November 27, 2004 | Dear Frankie News, Uncategorized

For the St. Louis International Film Festival, which concluded on Sunday, 13 was a lucky number. The 13th installment was both a commercial and artistic success, with solid attendance, distinguished guests, a near-perfectly balanced roster and an enthusiastic reception for the right films.

Phil Moses, a board member of the sponsoring organization, Cinema St. Louis, declared that it is now one of the 10 best film festivals in America. That’s a bit of a stretch, but not an outrageous one.

The surest evidence of the festival’s maturation was the quality of its films, which came from 30 countries. Those movies included several high-profile releases that will have regular runs in St. Louis in the next few months: “Finding Neverland,” “Kinsey,” “House of Flying Daggers,” “Bad Education,” “Imaginary Heroes,” “The Chorus” and “Dear Frankie.” The latter two movies were the biggest vote-getters in the audience-choice award balloting and were named best foreign film and best overall film, respectively. That surely pleased their distributor, Miramax, which is likely to funnel more movies to St. Louis in future years, particularly since our festival is so close to the year-end Oscar race. A critical curmudgeon might note that they are both rather warm-and-fuzzy films (about a choir of reformed delinquents and a fatherless deaf boy) and don’t compare in artistic merit to the others on that list.

“Kinsey,” in particular, was the biggest news among the movies, both because it is a legitimate contender for Academy Awards and because director Bill Condon brought a palpable excitement to town with him.

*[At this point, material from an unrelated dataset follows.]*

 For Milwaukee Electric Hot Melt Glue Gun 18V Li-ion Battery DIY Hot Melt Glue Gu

His book signing at the Borders store in Brentwood attracted about a dozen protesters, who felt that the biopic of sex researcher Dr. Alfred Kinsey valorizes a man who is largely responsible for the moral decay of our society.

Condon has many friends and crew members from St. Louis (including former Point DJ MaryEllen Owen, whose mockumentary “Beaux and Daria” tied for best locally produced short), and he was besieged by well-wishers at some of the festival’s social events. At the closing-night party at Blueberry Hill, he told me that he was still surprised to encounter resistance to Kinsey’s inclusive view of human nature. When Condon sought permission to use a Kinsey reference from an “I Love Lucy” episode in the film, Lucy Arnaz turned him down, saying that her parents didn’t approve of what the doctor had done.

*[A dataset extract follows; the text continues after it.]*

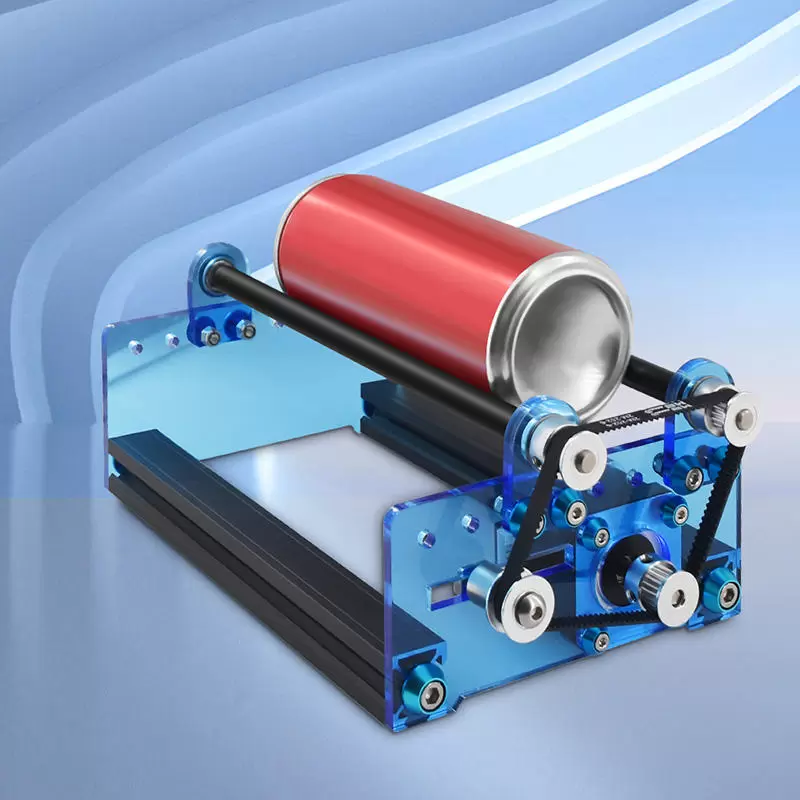 TWOTREES Y-axis Rotary Roller for Laser Engraver 360° rotating Heightening Footrest For Laser Engraving Extra Long Objects Cans - Image 5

Another guest of the fest was Jack Valenti, the recently retired president of the Motion Picture Association of America. As the Hollywood mascot of self-regulation, Valenti opined to Chris Clark, the executive director of the fest, that a filmmaker in Condon’s position should praise the great American tradition of getting into an argument about Kinsey’s work.

Somehow, the other films in the festival with adult themes managed to slip beneath the radar. Although a documentary about “personal massage devices” was expected to generate a buzz, our Gail Pennington felt it was lifeless. The audience choice for best documentary was the civil-rights-themed “A Panther in Africa.” Based on the life of former Kansas City activist Pete O’Neal, it marks a stride away from the homerism of last year’s contest, when the winning doc was a local high-schooler’s film about D-Day. (Likewise, last year’s prize for best overall feature was given to a forgettable movie called “Clipping Adam” that happened to star a former St. Louisan with lots of schoolmates in the audience. Such things don’t happen at top-10 festivals.)

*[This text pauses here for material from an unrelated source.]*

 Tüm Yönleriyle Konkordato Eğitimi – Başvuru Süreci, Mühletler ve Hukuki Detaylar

For me, however, the best documentary was “Tarnation,” in which director Jonathan Caouette uses old home movies to recount his mother’s struggle with schizophrenia. It will play a regular theatrical run here soon.

Another documentary I should mention is Patricia Scallet’s “Fundamental Fairness,” which tied with “Beaux and Daria” for best locally produced short. It examines an apparent miscarriage of justice in which a man is serving a life sentence for a Clayton murder. Twenty-seven minutes isn’t long enough to scrutinize all the facts in the case, but it’s more than enough time to remind us that filmmakers can sometimes be the last link in our connection to others.

The total attendance for the 11-day festival was approximately 18,000, about the same as last year.